3

On a Windows7 quadcore with hyperthreading enabled, I have an hundred of threads comunicating via BlockingCollection<T> (all initialized with the default constructor, thus using ConcurrentQueue<T> internally).

All threads receives 10-100 messages each seconds, except one that receives just 4-20 messages each day.

My issue is related to this last consumer: most of time, it's blocked waiting for new messages, but when a message is ready to be consumed it should be handled it as soon as possible, possibly instantly.

The problem is that when a message is added to the BlockingCollection dedicated to this consumer, it is received after a few seconds (the Take() returns from 3 to 12 seconds after the message was enqueued).

I guess the problem is related to how windows schedule this thread.

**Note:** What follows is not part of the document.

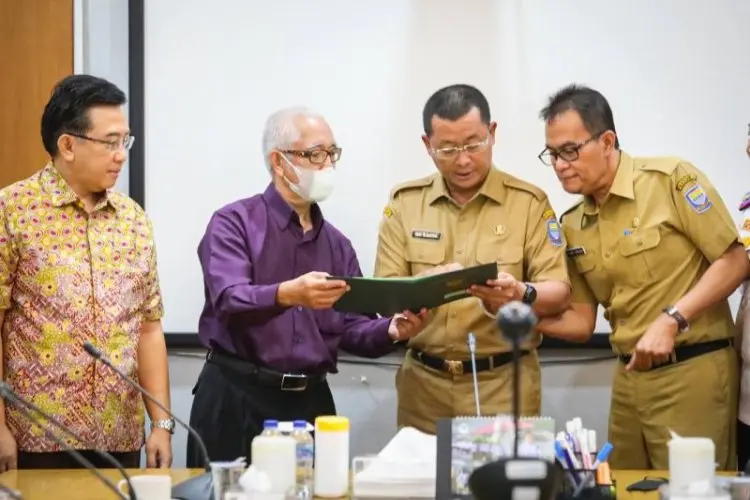 Pemkot Bandung Gunakan Lahan Pasar Caringin untuk Terminal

I've tried to increase the ThreadPriority of this consumer without any improvements. Then I've tried to set its processor affinity to a dedicated core, and I've changed all other threads's affinity to use the others cores, but still without any improvements.

How can I address this issue? What's the actual problem?

This is the thread loop (commands is the BlockingCollection):

while (!commands.IsCompleted)
{
    _log.Debug("Waiting for command.");

    command = commands.Take();

    _log.DebugFormat("Received: {0}", command);

    command.ApplyTo(target);

    _log.InfoFormat("Dispatched: {0}", command);
}

Should I directly use a ConcurrentQueue, sleeping for something like 50 milliseconds (that would be an acceptable delay) when no messages are pending?

Note that
No CPU use more that 50%.

As for the delay: logs show that (most of times) a few seconds passes between "Dispatched: ..." and "Waiting for command." (aka on commands.IsCompleted) and a few others between "Waiting for command." and "Received: ..." (aka on commands.Take())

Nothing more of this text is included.